Hak asasi manusia seperti kesehatan reproduksi harus dilindungi oleh negara, kata Meutya. Ia percaya bahwa pasangan yang mengalami kesulitan untuk memiliki anak memiliki hak yang sama untuk mendapatkan perawatan medis dan bantuan dari pemerintah.
“Saat saya menjalani program bayi tabung IVF pada saat saya berumur 37 tahun, saya sempat mengalami 3 kali hamil, tetapi keguguran dikarenakan janin dan embrio tidak berkembang dengan baik. Alhamdulillah, pada usia 44 tahun, saya berhasil hamil dan dikarunia putri bernama Lyora Shaqueena Ansyah.”
Meutya menyatakan bahwa ada sejumlah alasan mengapa pengakuan resmi infertilitas sebagai penyakit ini sangat penting.
- Mendapatkan perawatan medis yang tepat
Mengakui infertilitas sebagai penyakit akan memungkinkan akses yang lebih baik ke perawatan medis. Pengakuan ini akan memastikan bahwa layanan kesehatan yang diperlukan, seperti diagnosis, pengobatan, dan perawatan reproduksi, tersedia dan mudah diakses.

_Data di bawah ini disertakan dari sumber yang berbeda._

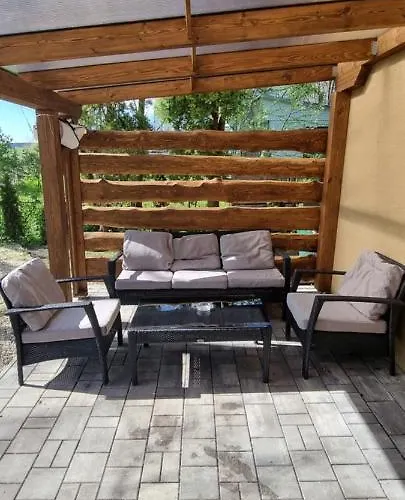 Nad Kupaliskom Santovka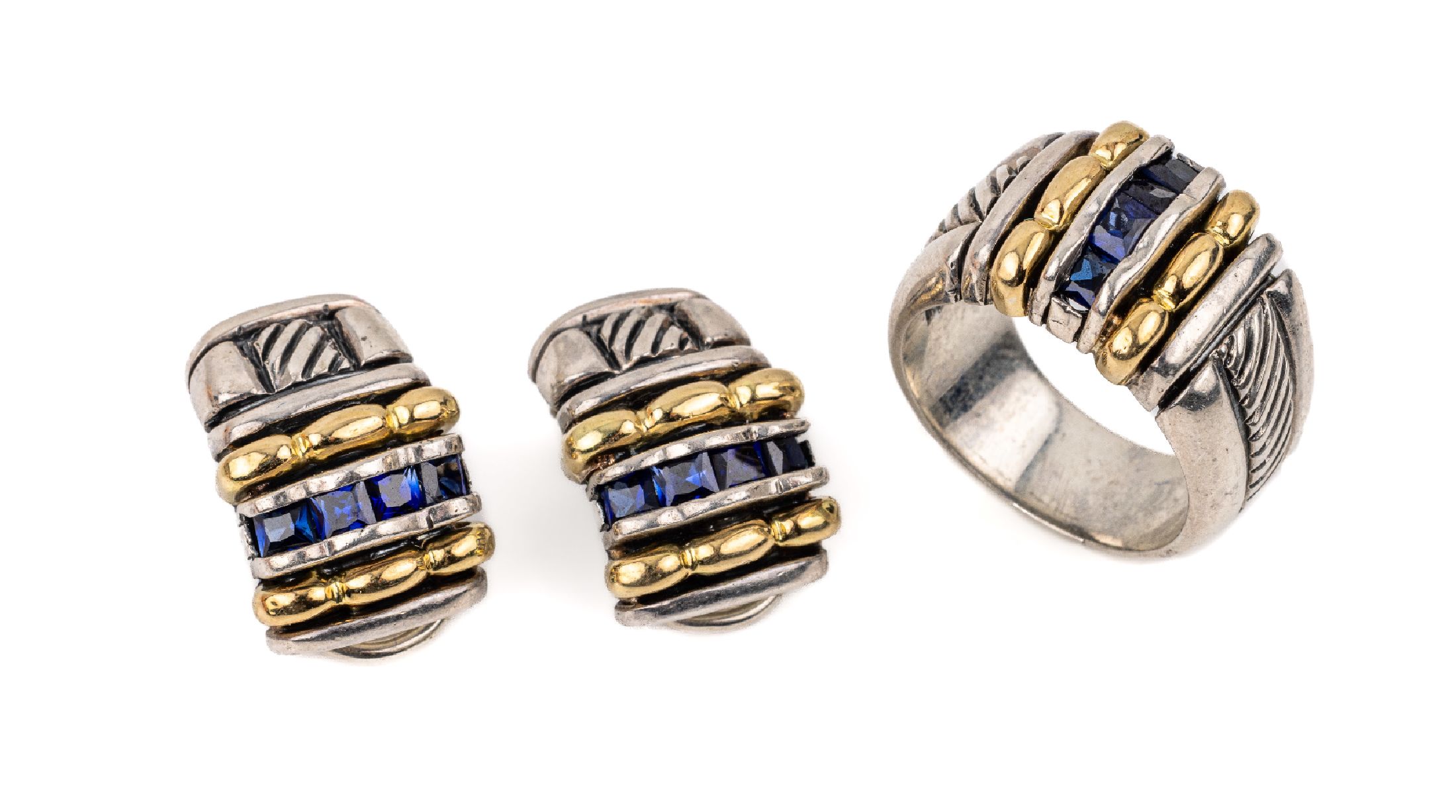 18 kt Gold und Silber Schmuckset mit Saphiren, GG 750/000 und 925er Silber, best. aus: Ring, RW 53 und Paar Ohrclips, insges. mit 12 eingeschliffenen ...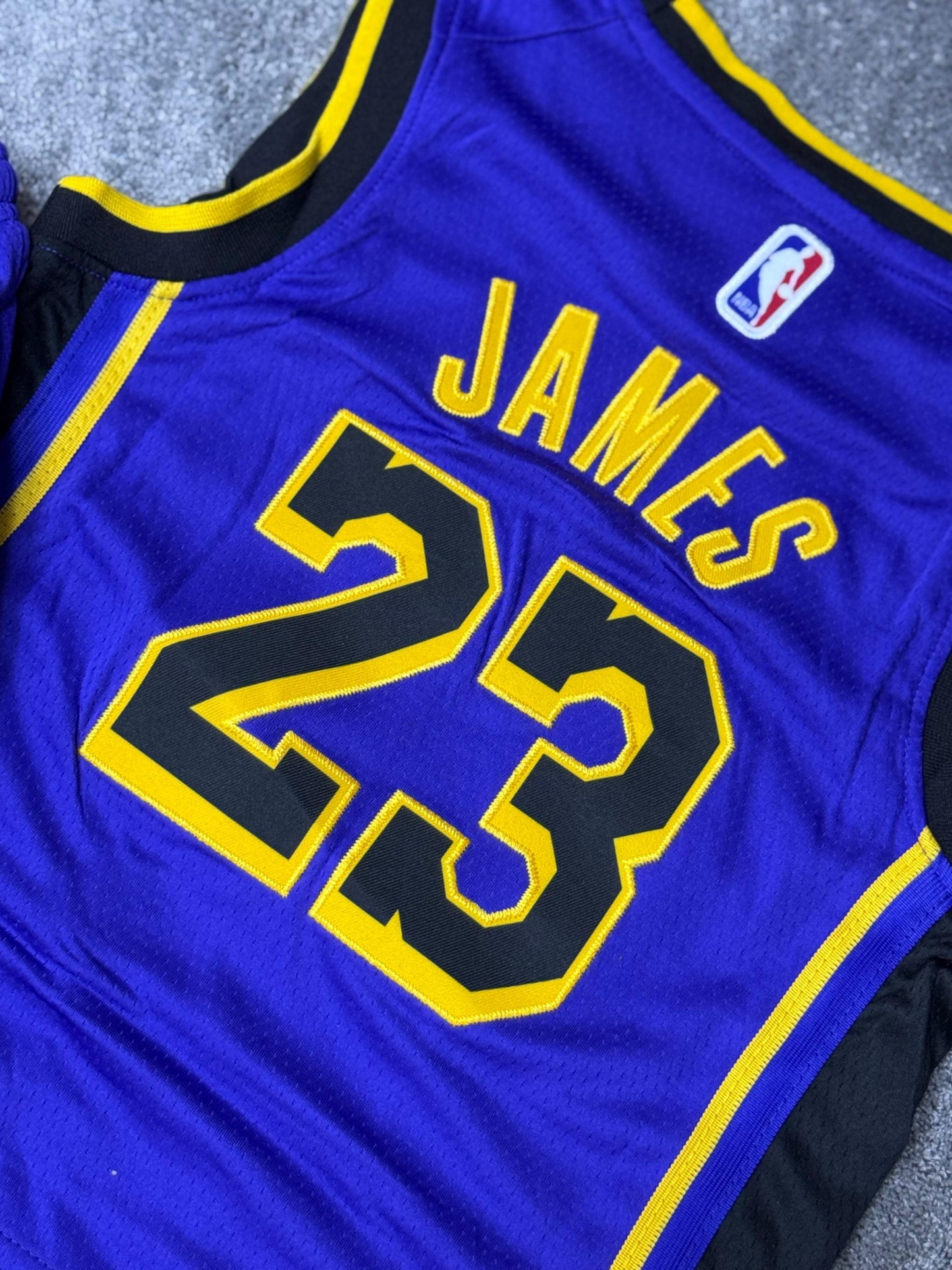 Conjunto verano Lakers para niño ( 10 - 14 )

- Meningkatkan dukungan mental
Infertilitas dapat berdampak emosional yang signifikan pada orang dan pasangannya. Pengakuan resmi penyakit infertilitas dapat mengurangi stigma sosial dan dukungan psikologis bagi mereka yang mengalaminya. Ini dapat mencakup akses ke dukungan kelompok, konseling, dan sumber daya lainnya yang dapat membantu pasangan menghadapi kesulitan psikologis yang terkait dengan ketidaksuburan.
- Perlindungan hak dan kewajiban individu
Pengakuan resmi infertilitas sebagai penyakit dapat memberikan perlindungan hukum dan hak-hak bagi orang-orang yang mengalami kesuburan.
Ini dapat mencakup hak untuk mendapatkan perawatan medis yang tepat, perlindungan dari diskriminasi di tempat kerja atau dalam asuransi kesehatan, dan akses ke teknologi reproduksi seperti In Vitro Fertilization (IVF).
- Peningkatan pengetahuan dan kesadaran
Pengakuan resmi penyakit infertilitas dapat meningkatkan kesadaran dan pemahaman masyarakat tentang kesuburan. Ini dapat menurunkan stigma dan kesalahpahaman tentang infertilitas serta meningkatkan pemahaman tentang perawatan dan dukungan yang tersedia bagi mereka yang mengalami kesuburan.
Buku “LYORA: Keajaiban yang Dinanti” tidak hanya memberikan inspirasi dan harapan kepada pasangan yang menghadapi kesulitan mendapatkan keturunan, tetapi juga menunjukkan betapa pentingnya perubahan dalam cara masyarakat dan pemerintah melihat infertilitas. Meutya Hafid berusaha untuk mengubah stigma dan sikap negatif yang sering dikaitkan dengan infertilitas melalui bukunya.
Ia berharap perubahan sosial yang lebih luas memahami dan mendukung pasangan yang sulit mendapatkan keturunan. Selain itu, Meutya meminta semua pihak untuk bekerja sama untuk memperjuangkan hak-hak pasangan yang mengalami kesulitan untuk memperoleh keturunan.
Diharapkan pemerintah akan lebih aktif dalam menyediakan perawatan infertilitas dan mengakui hak asasi manusia atas kesehatan reproduksi. Meutya berharap bukunya dapat memberikan inspirasi dan memberikan pemahaman yang lebih baik tentang perjuangan pasangan di Indonesia untuk memiliki anak.